Abdülhamid’in ölümü hakkında bilinmeyenler
Abdülhamid, dünyanın en çalkantılı döneminde tahta çıkmış, tüm zorluklara göğüs germiş, bir halife olarak yere abdestsiz basmayacak kadar dindar bir yaşam sürmüştü. Eşi Müşfika Kadınefendi'nin kollarında ölmüş, onun bu dünyadan ayrılışına dair detayları kızı Ayşe Sultan kaleme almıştı. Kendisinden helallik isteyenlere "Bütün hizmetime bir kara çarşaf çektiler. Benim kimseden talep edecek hakkım yok" cevabını vermişti. Peki, Abdülhamid nasıl öldü? Abdülhamid kaç yaşında öldü? İşte Abdülhamid'in ölümü hakkında bilinmeyenler...

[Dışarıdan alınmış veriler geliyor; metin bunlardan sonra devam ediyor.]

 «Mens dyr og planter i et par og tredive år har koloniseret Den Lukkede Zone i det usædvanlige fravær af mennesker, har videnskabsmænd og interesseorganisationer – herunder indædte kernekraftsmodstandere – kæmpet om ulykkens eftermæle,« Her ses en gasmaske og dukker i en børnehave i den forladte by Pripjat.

Bu sırada babam artık eskisi gibi değilmiş. Sıhhati bozulmuş. Gençler gibi hareketli bir vücuda malik olan babam şimdi yorgunluktan şikâyet ediyormuş. Ekseriya hazım cihazından şikâyet edermiş. Doktor Atıf Bey'in ilaçlarına itimat gösteriyor, şikâyetlerini ona dindirtiyormuş.

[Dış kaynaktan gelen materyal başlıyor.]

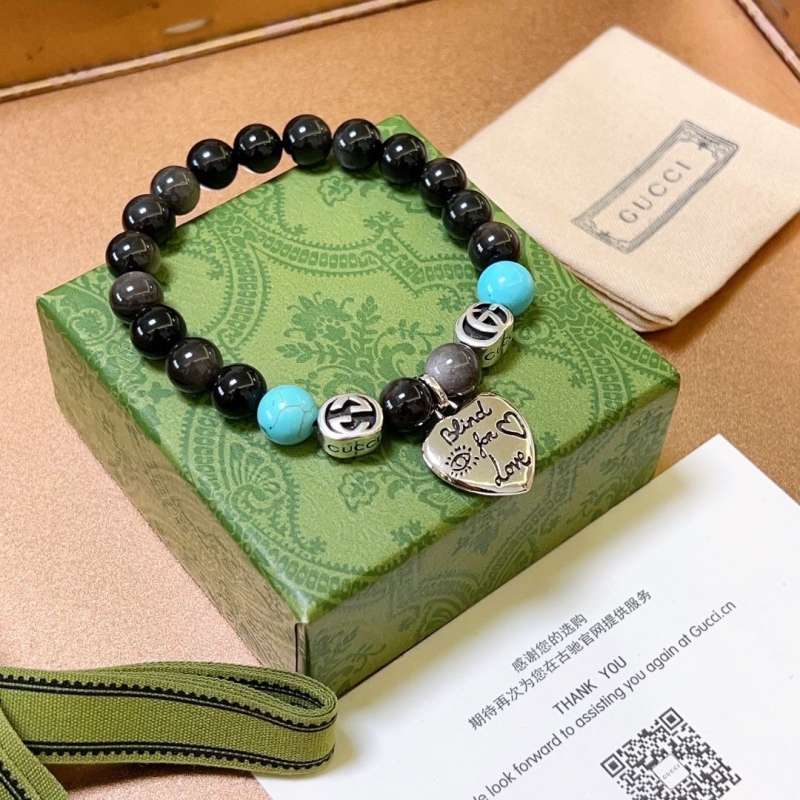 G*u*i bracelets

Ölümünden üç gün önce yorgunluktan bahsettiği hâlde mutadı veçhile giyinmiş, istirahat etmeyerek dolaşmış. 9 Şubat 1918 Cumartesi günü akşamı âdeti üzere kadınları ile birlikte sofraya oturmuş, iştahsızlıktan bahsederek bir tane köfte, bir iki kaşık kabak, bir tane de pirinç unu tatlısı yemiş.
Yemekten kalkınca anneme göğsünü göstererek, "Sol tarafımdan sağa doğru bir sancı hissediyorum" demiş. Annem derhal doktoru getirtmek istemişse de aksi gibi doktor o sabah babamdan izin alıp evine gitmiş bulunduğundan çağırmak kabil olmamış. Rasim Bey bir başka doktor getirtmeyi düşünmüş.

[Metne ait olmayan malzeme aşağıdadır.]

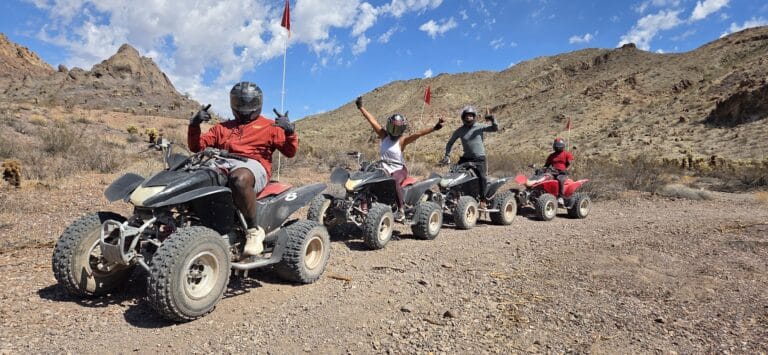 Group on ATVs raises arms in Nevada desert near Las Vegas, enjoying an exciting ATV tour under blue skies.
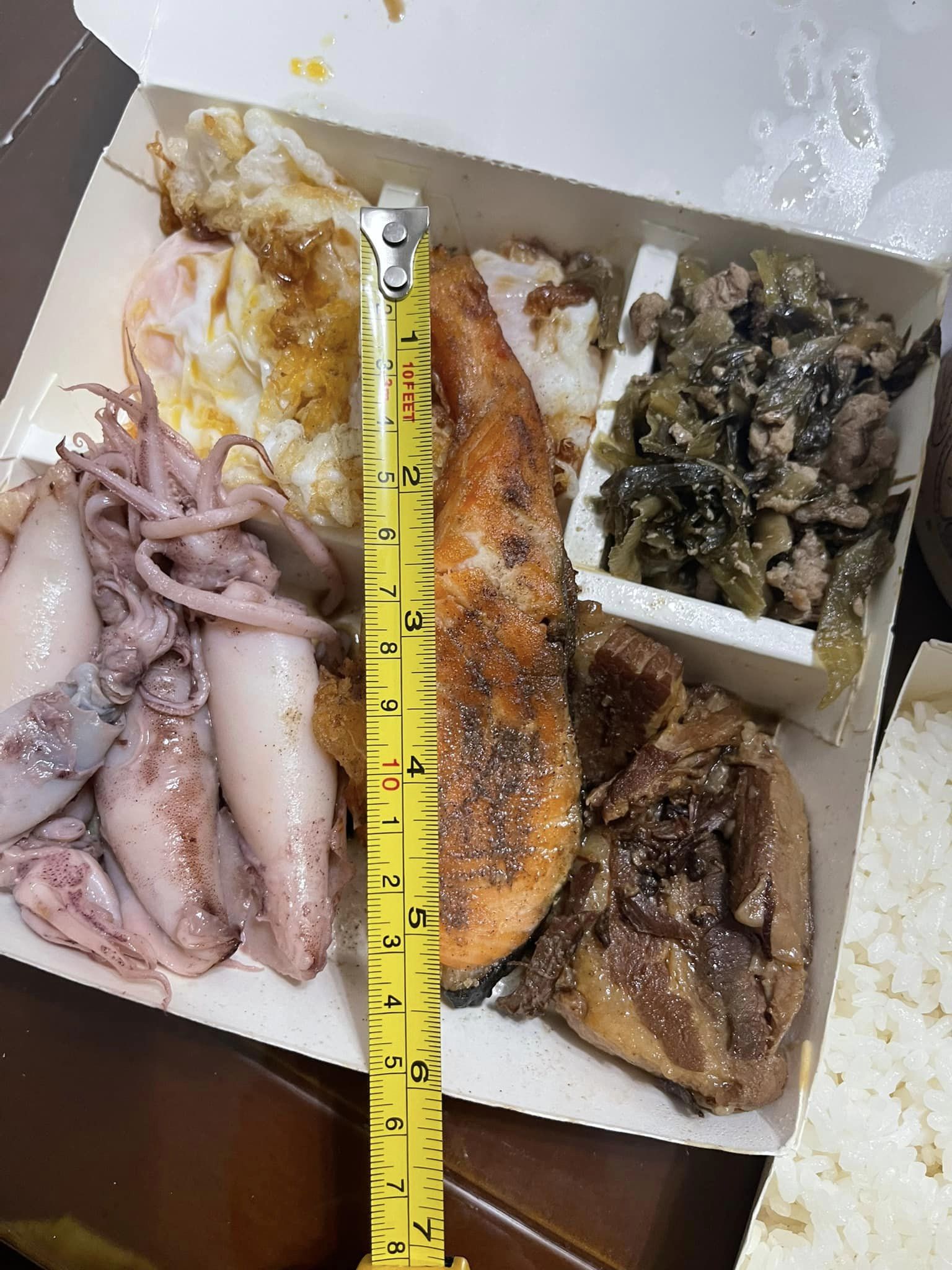 女子還拿出尺量了半片煎鮭魚的長度為13.5公分。(翻攝自臉書社團《新竹大小事》)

O civarda oturan ve babamın küçük kardeşi Mehmed Vahdeddin Efendi'nin doktoru olan Alekyadis Efendi'ye haber göndermiş. Alekyadis Efendi, babamı muayene ettikten sonra Rasim Bey'e hastalığın ehemmiyetli bir zatürre başlangıcı olduğunu söyleyerek, "Hakanın hastalığı kendisi kadar büyüktür" tabirini de kullanmış.
Bunun üzerine Rasim Bey derhal Sultan Reşad'a ve Enver Paşa'ya vaziyeti bildirmiş. Bu sırada bulunan Atıf Bey de babamı muayene edip aynı kanaate vardığından hemen meşhur doktorlardan Neşet Ömer Bey'i getirtip ona da muayene ettirmiş.
Babamın durumu gayet ciddi olduğundan ve şimdiki tesirli ilaçlar o zaman henüz malum bulunmadığından sarayda sabaha kadar kimse uyumamış.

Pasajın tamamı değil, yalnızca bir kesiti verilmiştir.